La Paix a bien raison de dire aux Palatins :
Ouvrez les yeux, le diable vous attrape ;
Car vous avez à vos puissants voisins,
Sans y penser, longtemps servi la nappe.
Vous voudrez donc bien trouver bel et beau
Que ces voisins partagent le gâteau.
C’est assurément le vrai gâteau des rois, et la fève a été coupée en trois parts[2]. Mais la Paix ne s’est-elle pas un peu trompée ? J’entends dire de tous côtés que cette Paix n’a pu venir à bout de réconcilier Catherine II et Moustapha, et que les hostilités ont recommencé depuis deux mois. On prétend que, parmi ces Français si babillards, il s’en trouve qui ne disent mot, et qui n’en agissent pas moins sous terre.
On dit que les mêmes gens qui gardent Avignon[3] au saint-père ont un grand crédit dans le sérail de Constantinople. Si la chose est vraie, c’est une scène nouvelle qui va s’ouvrir. Mais il n’y en a point de plus belle que les pièces qu’on joue en Prusse et en Suède ; le roi votre neveu[4] paraît digne de son oncle.
Je remercie Votre Majesté de remettre dans la règle le célèbre couvent d’Oliva[5] : car le bruit court que vous êtes prieur de cette bonne abbaye, et que dans peu tous les novices de ce couvent feront l’exercice à la prussienne. Je ne m’attendais, il y a deux ans, à rien de tout ce que je vois. C’est assurément une chose unique que le même homme se soit moqué si légèrement des Palatius pendant six chants entiers[6], et en ait eu un nouveau royaume pour sa peine. Le roi David faisait des vers contre ses ennemis, mais ces vers n’étaient pas si plaisants que les vôtres : jamais on n’a fait un poëme ni pris un royaume avec tant de facilité. Vous voilà, sire, le fondateur d’une très-grande puissance ; vous tenez un des bras de la balance de l’Europe, et la Russie devient un nouveau monde. Comme tout est changé ! et que je me sais bon gré d’avoir vécu pour voir tous ces grands événements !
Dieu merci, je prédis et je dis, il y a plus de trente ans, que vous feriez de très-grandes choses ; mais je n’avais pas poussé mes prédictions aussi loin que vous avez porté votre très-solide gloire votre destin a toujours été d’étonner la terre. Je ne sais pas quand vous vous arrêterez ; mais je sais que l’aigle de Prusse va bien loin.

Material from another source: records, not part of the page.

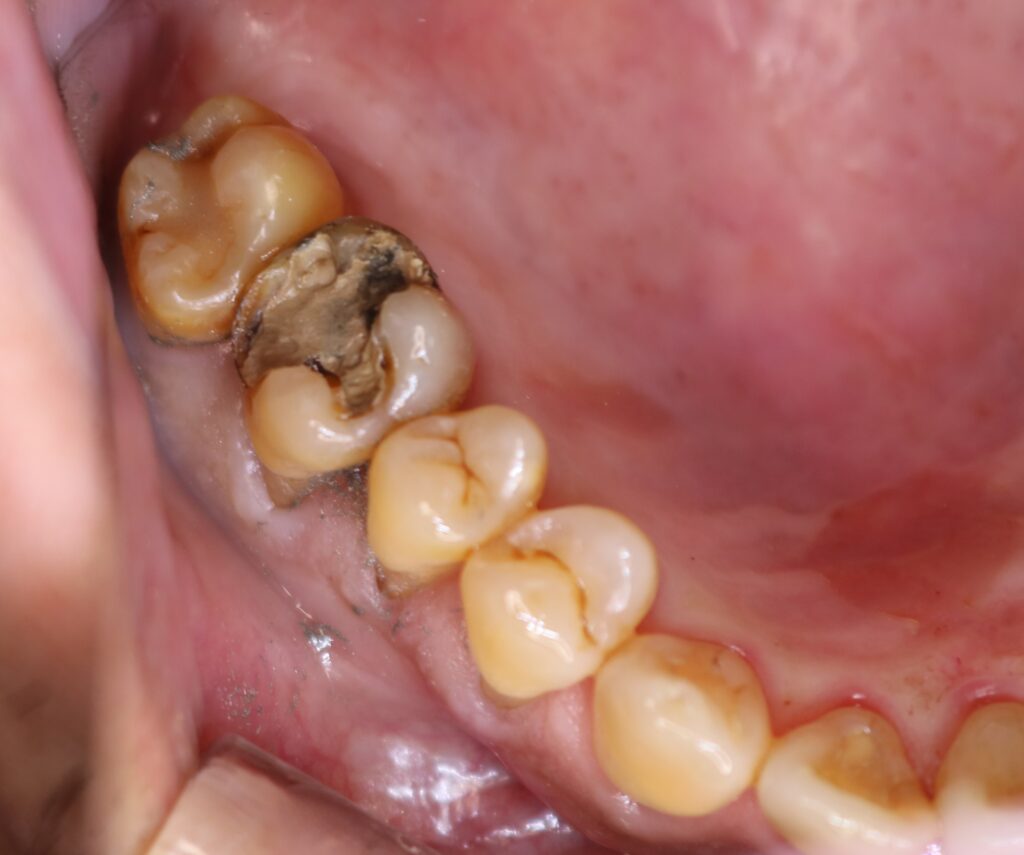 銀歯の下で進行した二次齲蝕の症例写真（インレー下の隙間と内部の虫歯）｜岐阜市 りお歯科クリニック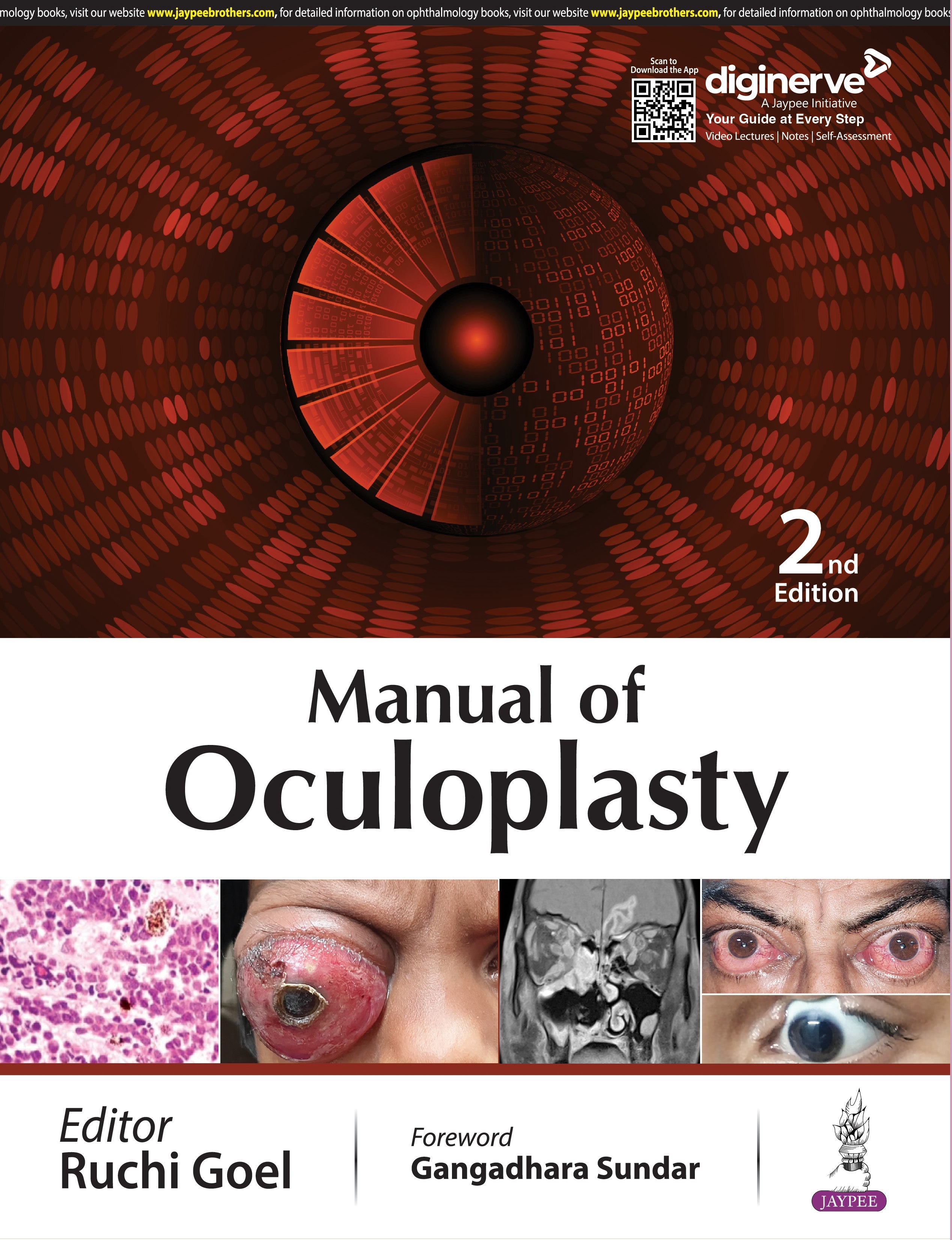 MANUAL OF OCULOPLASTY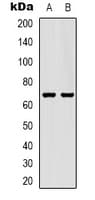 SLC6A1 / GAT-1 Antibody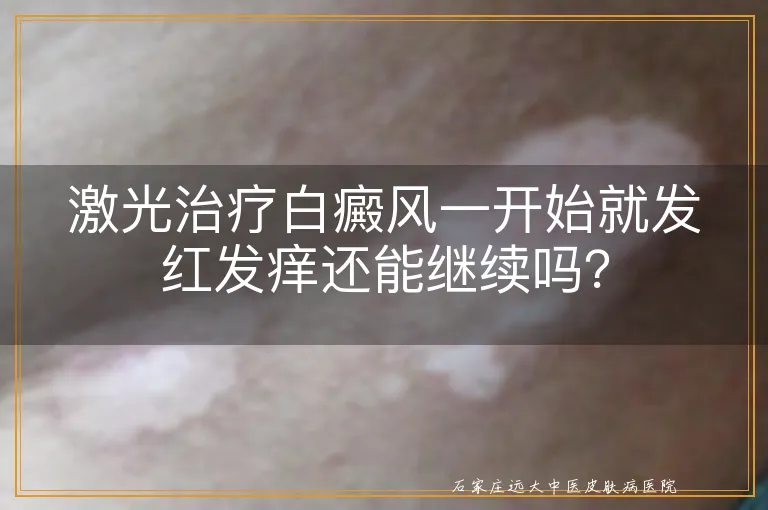 激光治疗白癜风一开始就发红发痒还能继续吗？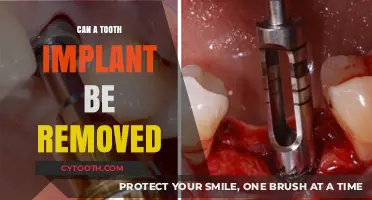 Can a Tooth Implant Be Removed? Understanding the Process and Possibilities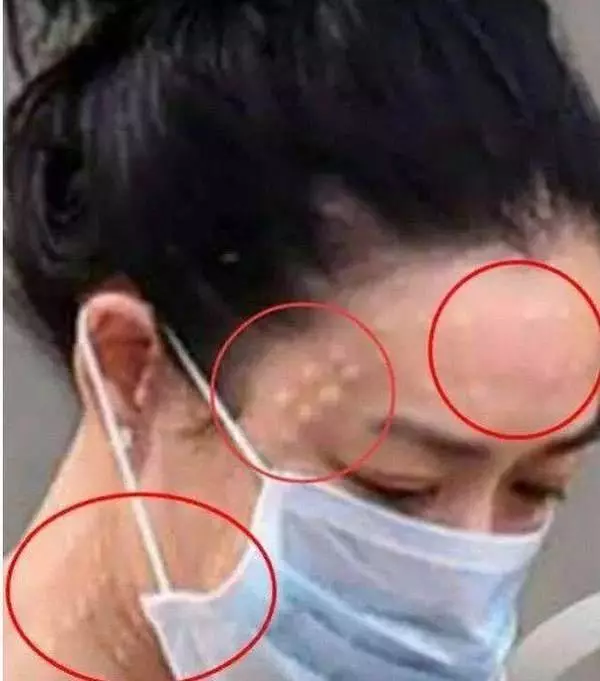 鐘麗緹全素顏出現行街,臉上打針的痕跡太嚇人,網民:不得不佩張倫碩娶她還是很有勇氣!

Je supplie cet aigle de daigner jeter sur moi chétif, du haut des airs où il plane, un de ces coups d’œil qui raniment le génie éteint. Je trouve, si votre médaille est ressemblante, que la vie est dans vos yeux et sur votre visage, et que vous avez, comme de raison, la santé d’un héros.
Je suis à vos pieds comme il y a trente ans, mais bien affaibli. Je regarderai le Regno redintegrato[7] quand je voudrai reprendre des forces.
- ↑ Celle que Frédéric avait envoyée à Voltaire le 16 septembre ; voyez lettre 8629.
- ↑ Le premier partage de la Pologne entre la Russie, la Prusse et l’Autriche, est du 5 août 1772.
- ↑ La cour de France.
- ↑ Gustave III ; voyez lettre 8624.
- ↑ Voyez lettre 8438.
- ↑ La Pologniade ; voyez tome VII, page 165.
- ↑ Voyez lettre 8629.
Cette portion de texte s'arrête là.